Last year, our analysis of the monitoring task for the considered field (construction and building) enabled us to choose a relevant scenario of monitoring and to build an ontology which will guide the search and the extraction of information. Besides reusing the O'CoMMA ontology previously built in the CoMMA project since a part of this ontology relates to the field of building and construction, we had also to perform knowledge modeling in order to transform the vocabulary from thesaurus currently used by CSTB into an ontology. Moreover, we integrated in the ontology concepts and relations dedicated for TM task concerning TM actors, monitoring phases and the information sources and some document types.

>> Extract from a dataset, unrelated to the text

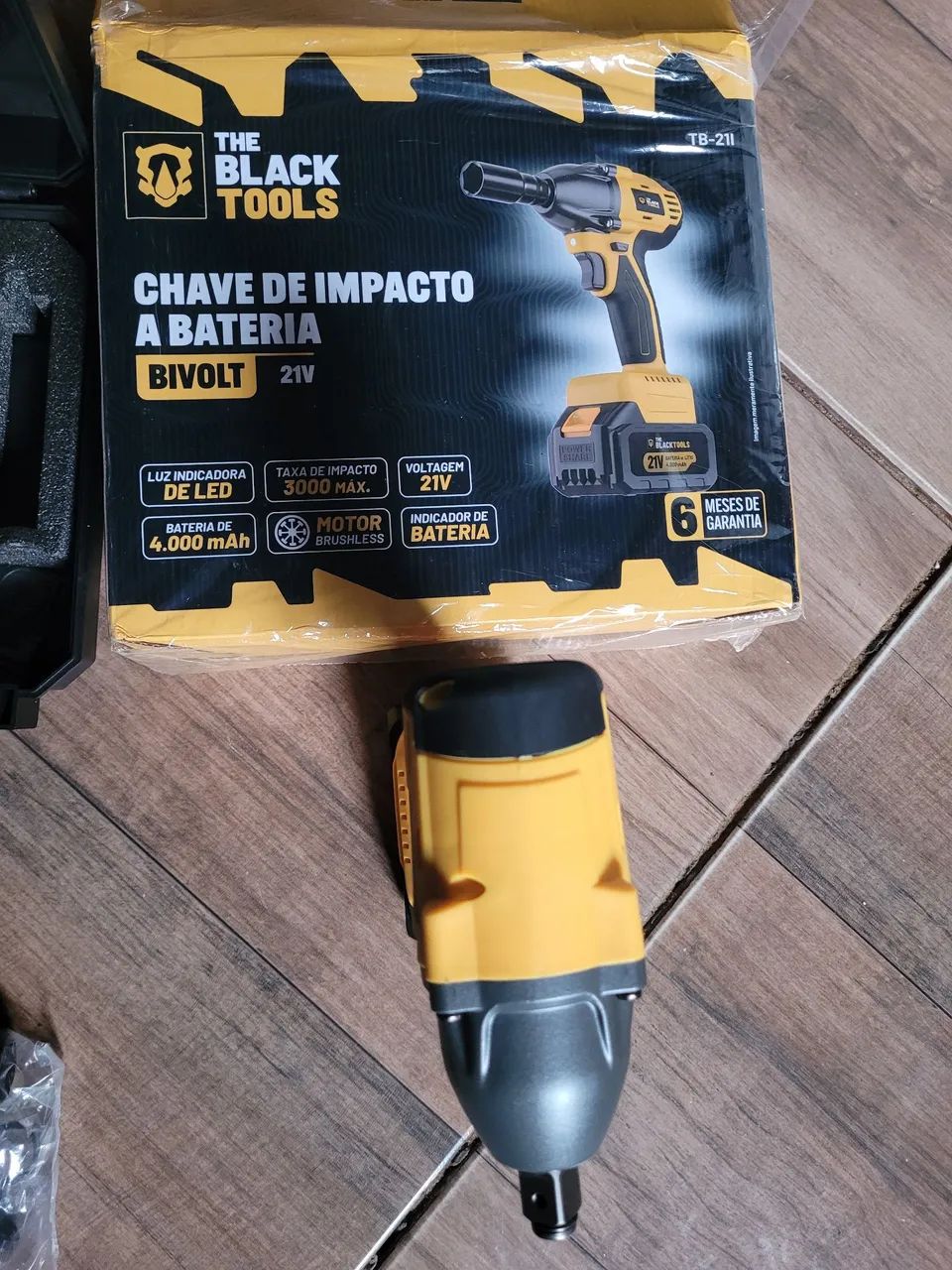 chave de impacto the black tools nova na caixa - Foto 2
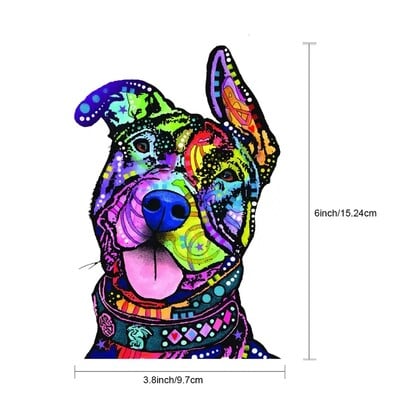 Samolepky na auto s motívom psa Pit Bull, vinylové nálepky na okná, nárazníky, notebooky, vodotesné doplnky do auta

Then we proposed an ontology-based approach for building an information system supporting technology monitoring implemented by agents. This system facilitates the document searching and annotating task of the watcher. Its agents use the ontology to enrich any watcher's query, then formulate a system query and send it to Google to search the Web and finally generate annotations from search result. Thus the watcher can easily access to information annotated by exploiting the Corese semantic search engine.
To do so, we developed and implemented three algorithms using the ontology to search the Web with Google and then generate the RDF annotations from these results of Google automatically. The two first algorithms use branches of concepts in ontology to search the Web while the third one relies on the balanced selection of descendant concepts of user's concepts in the original query  ,  . This work will be published at RFIA'2006  .
We are now designing and implementing a subsociety of ``annotator'' Agents encapsulating this algorithm, working in cooperation with other agents dedicated to other tasks in the TM system.